▸ **ASSIGNMENT**
The material below holds pictures, which are to be left out; copy exactly the lines from the one with "New 2026 Volkswagen Atlas SE FWD image 5" through the one with "Used 2022 Toyota".

▸ **GIVEN ENTRIES**
------
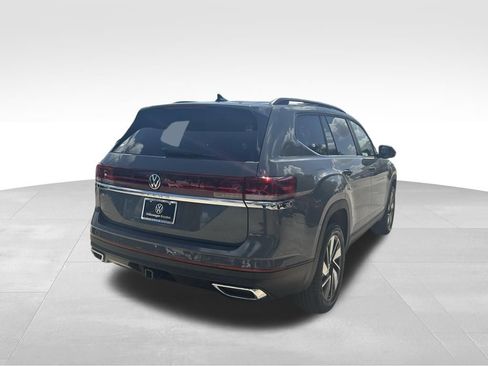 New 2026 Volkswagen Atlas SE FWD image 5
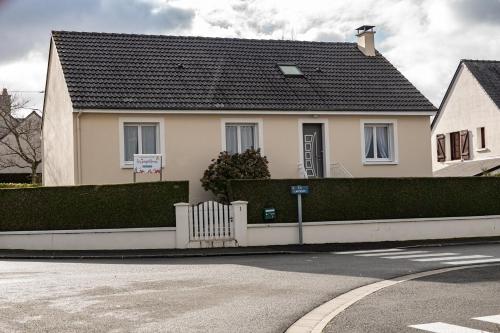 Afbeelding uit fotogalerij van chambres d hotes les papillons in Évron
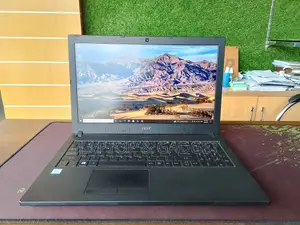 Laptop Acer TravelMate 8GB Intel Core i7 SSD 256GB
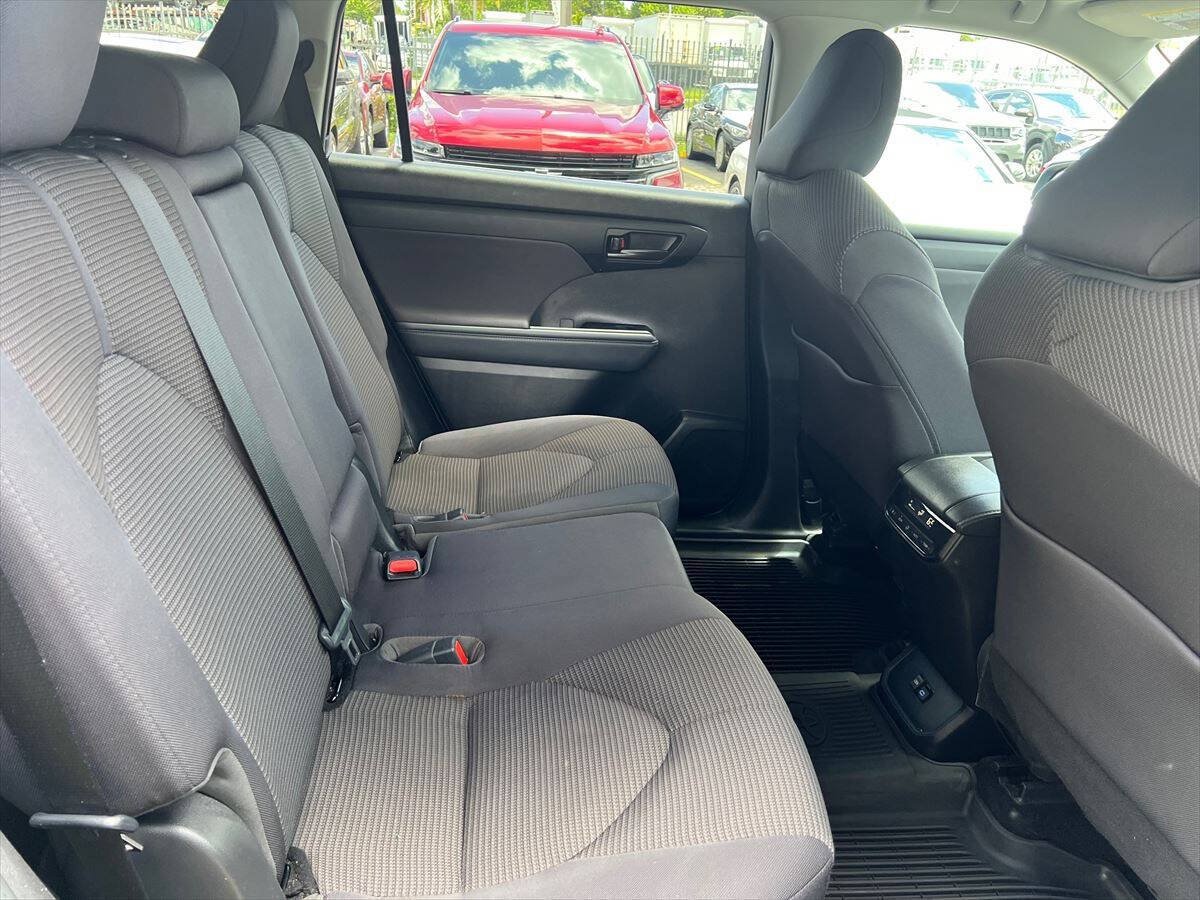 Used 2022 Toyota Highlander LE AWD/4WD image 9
------
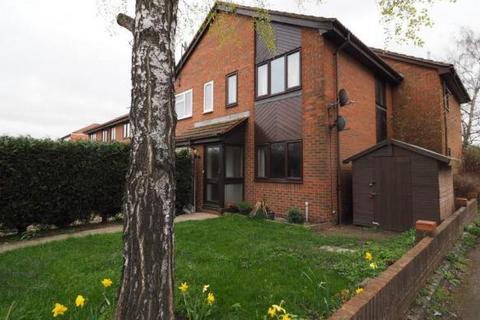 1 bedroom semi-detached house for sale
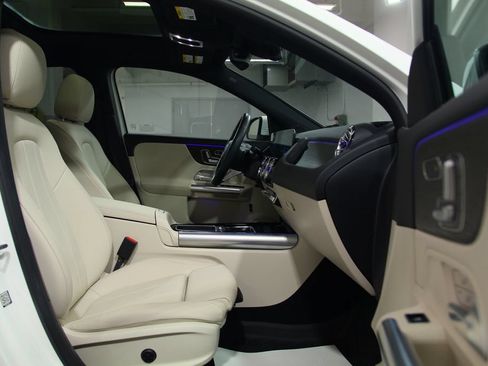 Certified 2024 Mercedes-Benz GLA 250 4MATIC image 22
------
▸ **REPLY**
 New 2026 Volkswagen Atlas SE FWD image 5
 Afbeelding uit fotogalerij van chambres d hotes les papillons in Évron
 Laptop Acer TravelMate 8GB Intel Core i7 SSD 256GB
 Used 2022 Toyota Highlander LE AWD/4WD image 9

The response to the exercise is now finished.